§ DIRECTIONS FOR THIS TASK: All of the data must be written out verbatim, with pictures excluded.

§ GIVEN INFORMATION:
= = = = =
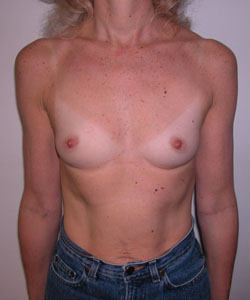 Breast Augmentation Before Photo Breast Augmentation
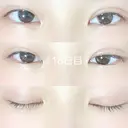 二重埋没 / 上まぶたの脂肪取り 品川スキンクリニック沖縄院 DAY 18 サムネイル用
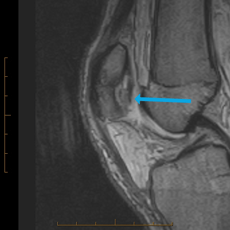 sagittal t2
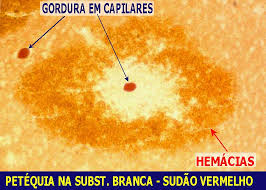 Cerebral fat embolism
= = = = =
§ WRITTEN ANSWER:
 Breast Augmentation Before Photo Breast Augmentation
 二重埋没 / 上まぶたの脂肪取り 品川スキンクリニック沖縄院 DAY 18 サムネイル用
 sagittal t2
 Cerebral fat embolism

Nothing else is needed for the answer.